Der Bau hatte vor allem mit den gestiegenen Zinsen zu kämpfen. In der Folge gerieten die Auftragseingänge unter Druck. Viele Unternehmen sowie das baunahe Handwerk hatten allerdings noch einen beträchtlichen Auftragsbestand aus besseren Tagen abzuarbeiten.
Brandenburg erlebte 2023 eine signifikante wirtschaftliche Transformation, hauptsächlich angetrieben durch den Bau und die Inbetriebnahme des Tesla-Werkes in Grünheide. Dieses Projekt hat nicht nur erhebliche Investitionen in die Region gebracht, sondern auch zahlreiche Zulieferer und Dienstleister angezogen. Es entstanden neue Arbeitsplätze und es kam zu einem wirtschaftlichen Aufschwung in den umliegenden Gebieten. Zudem zeigte sich eine Stärkung des industriellen Sektors insgesamt, da sich weitere Unternehmen in der Nähe ansiedelten, um von der Nähe zu Tesla zu profitieren.

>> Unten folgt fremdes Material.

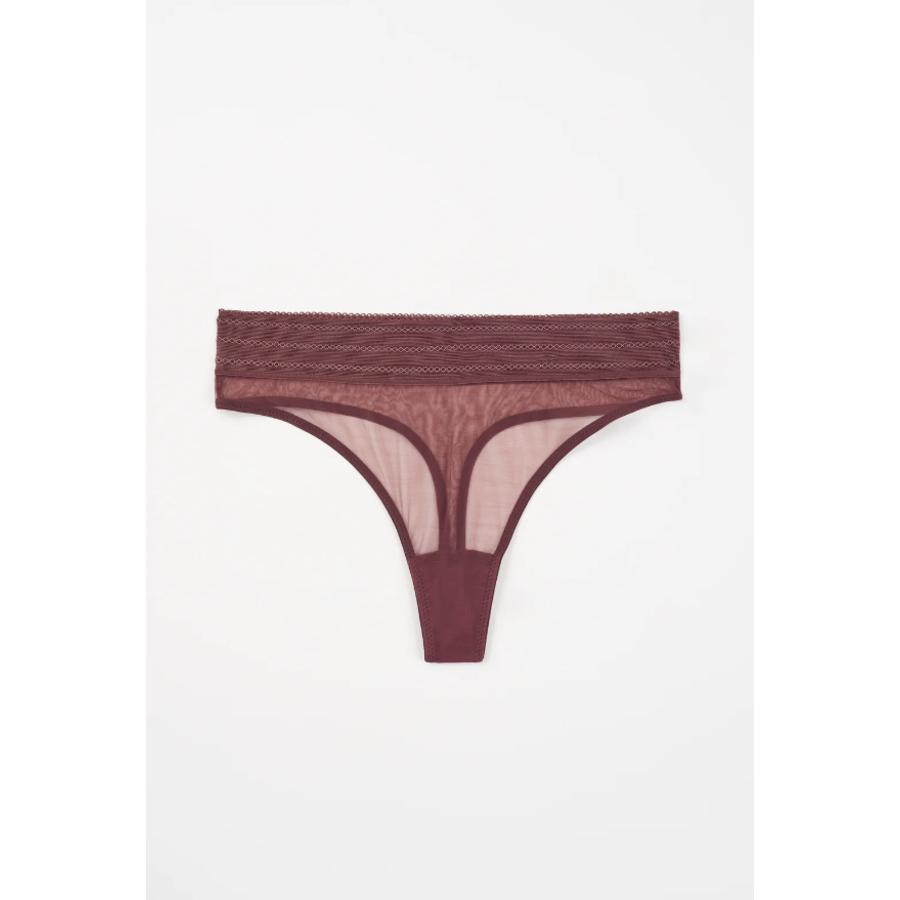 Bare Thong
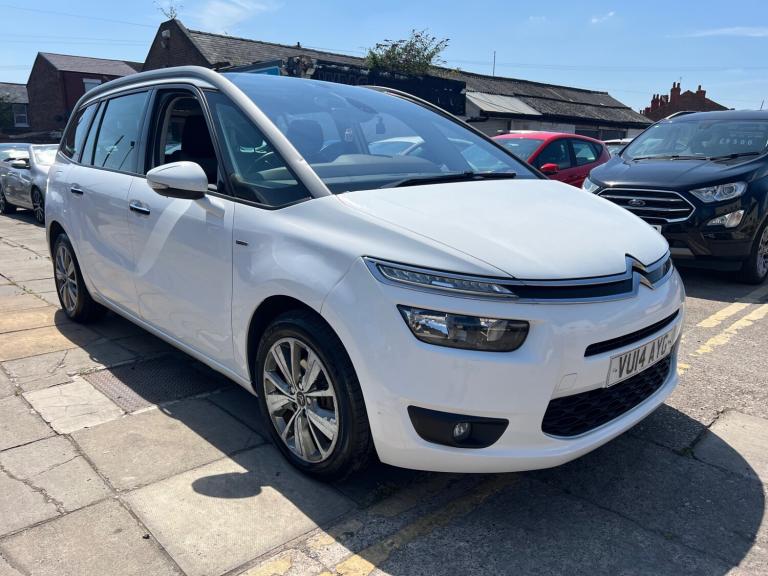 2014 Citroen Grand C4 Picasso 1.6 e-HDi 115 Airdream Exclusive 5dr ETG6 MPV Diesel Automatic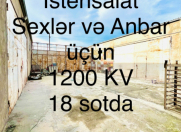 İcarəyə verilir 10 otaqlı 1200 m2 obyekt Binə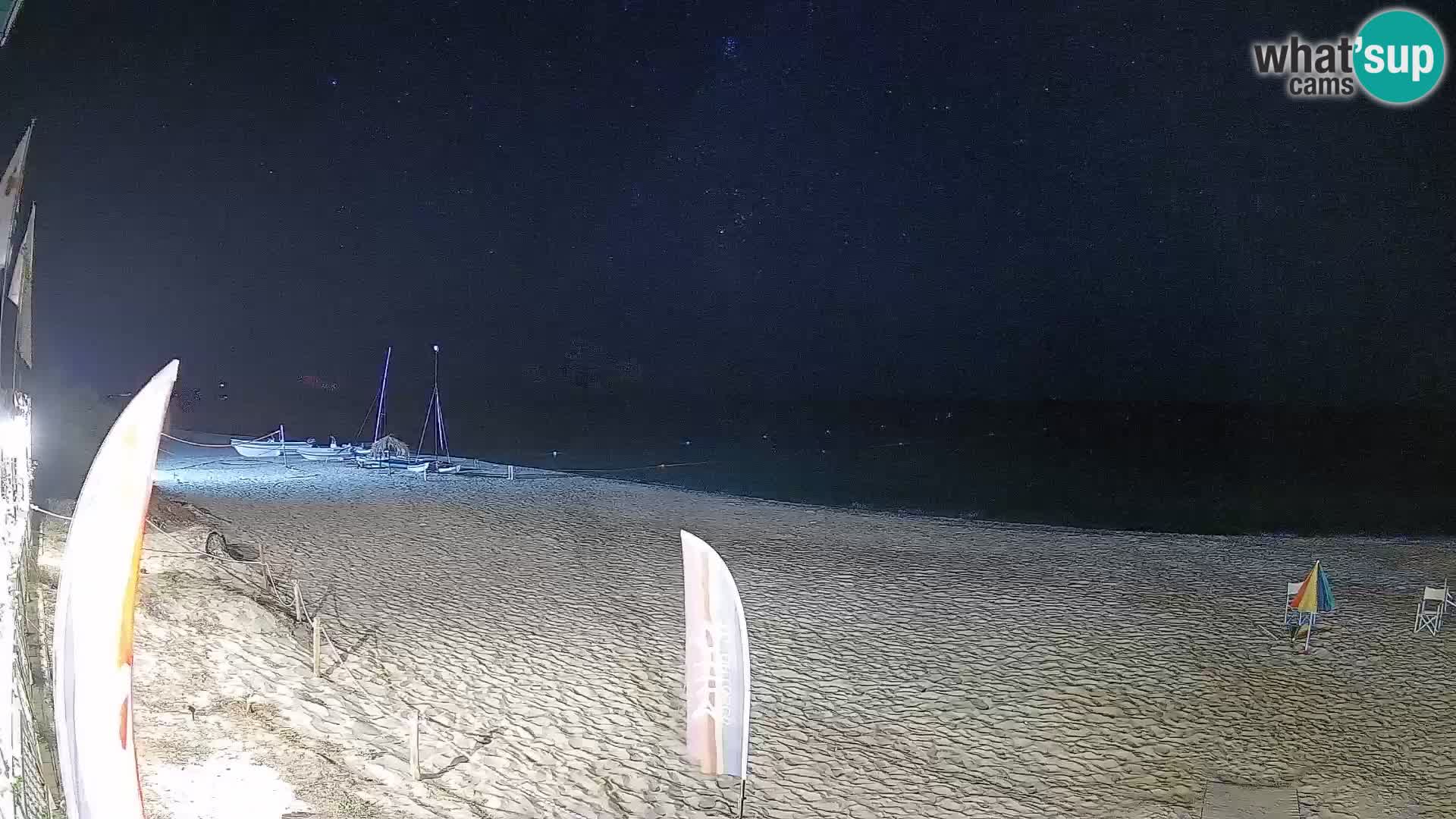 Webcam Piscina Rei – Vista en directo desde Costa Rei, Muravera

Angesichts der vielen Belastungsfaktoren drehte der Arbeitsmarkt in Berlin und Brandenburg allmählich Richtung Süden. Nach langen Jahren mit einem starken Beschäftigungsplus und rückläufiger Arbeitslosigkeit ging die Dynamik mehr und mehr verloren, Berlin musste den bundesweiten Spitzenplatz in dieser Kategorie an Hamburg abgeben. Beschäftigungstreiber sind wissenschaftliche und technische Dienstleistungen, der Sozialbereich, das Gastgewerbe sowie Informatik und Kommunikation.
In Brandenburg war die Entwicklung etwas stabiler, der Fokus lag stärker auf industriellen Arbeitsplätzen. Der Bau des Tesla-Werkes führte zu einer erheblichen Zahl neuer Arbeitsplätze und einer sinkenden Arbeitslosenquote. Es wurden sowohl hochqualifizierte Fachkräfte als auch Arbeitskräfte für einfachere Tätigkeiten eingestellt.
Zugleich gestaltet sich die Suche nach Fachkräften weiterhin schwierig. Nahezu 50.000 Stellen können in der Region nicht besetzt werden, Vakanzen gibt es in fast allen Branchen.